Every few Valentine’s Days author Salman Rushdie gets a reminder of the importance of free speech.
A card arrives reminding him there are groups that want to kill him for a story he wrote about a schizophrenic 25 years ago.
It’s freedom to read week in Canada. A week devoted to reflecting on freedom of expression, said Franklin Carter from Canada’s Book and Periodical Council.
It’s also the 25 anniversary of one of the most well known threats to free speech.
It began in January of 1989 when Rushdie’s new book, The Satanic Verses, was burned on the streets of the United Kingdom.
A month later on Valentine’s Day Iran’s Ayatollah Khomeini issued a fatwa—a judgment—calling for the execution of Rushdie.
The bounty on Rushdie’s head was millions of US dollars. Rushdie, a British citizen who was born in Mumbai, was rocketed into the international spotlight when radical Muslims forced him into hiding for over 13 years.
He was kept safe by 24-hour security. But others weren’t so lucky.

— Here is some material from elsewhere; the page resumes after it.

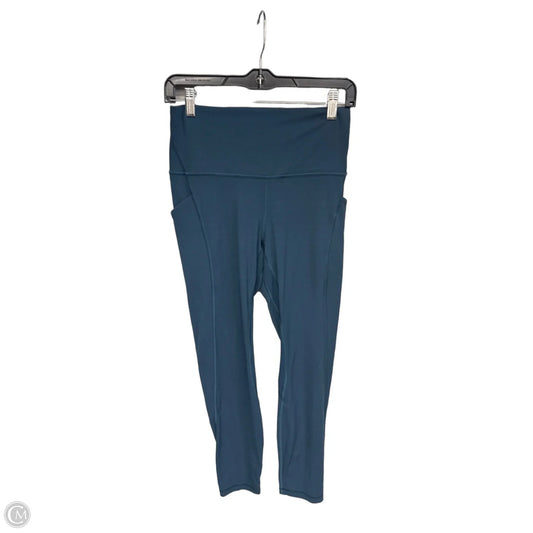 Athletic Leggings By Lululemon In Teal, Size: 8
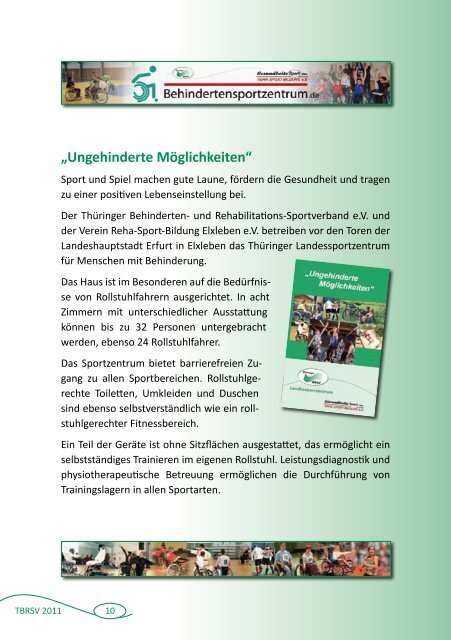 Aus- und Fortbildung im TBRSV eV - Verlag Volker Herrmann ...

The book’s Japanese translator, Hitoshi Igarashi, was stabbed in the face until he died. Another publisher was shot but survived.
The threat was even felt in Canada.
“Canada customs seized an inbound shipment of The Satanic Verses,” said Carter who remembers the events well. “They had classified it as hate propaganda directed at Muslims.”
Though temporary, the seizures attracted enough international attention to be mentioned on C-Span during an interview with journalist Christopher Hitchens.
Carter said the initial ripples caused by the Ayatollah’s fatwa have grown into waves of fear.
When it comes to publishing something potentially inflammatory to Muslims “there are all kinds of signs that people aren’t willing to take the risk,” he said.
In late 2009 a book by Jytte Klausen about the infamous caricatures of Muhammad published by a Danish newspaper was censored by Yale University Press for fear of backlash.
The cartoons caused an international crisis when they were first published in 2006, closing embassies and resulting in the deaths of at least 200 people.
John Donatich, the director of Yale University Press told the New York Times, “when it came between that [publishing the cartoons] and blood on my hands, there was no question” that they would not publish the cartoons.
“Even South Park won’t show cartoons” of Mohammed for fear of violence,” Carter said referring to the cartoon comedy known for pushing boundaries.
Though the threat of violence is real, Carter said we as a society have “internalized Khomeini’s fatwa.”
“I think that this unwillingness to publish is partly born out of cowardice,” Carter said. “So part of the solution is overcoming the fear.
“Some say the problem is with us, people in the west,” he said. “The secular, liberal, multi-cultural west who have just come to a cultural and intellectual mindset that it’s just not right and proper to offend people.”
And it’s this fear that Carter says is leading us towards a lack of freedom.
“If you enshrine in law and culture, and in practice, that offending people, even inadvertently, is forbidden, you destroy freedom from oppression, you destroy freedom of the press, you destroy freedom of speech,” he said.
Though Carter says the threat of electronic surveillance is having the greatest chill on freedom of expression, the legacy created by the fatwa has changed how our society values the freedom to say and write what we want.
Perhaps the best example of this chill is Rushdie recently telling the BBC that the Satanic Verses would probably not be published today due to the risk of attacks.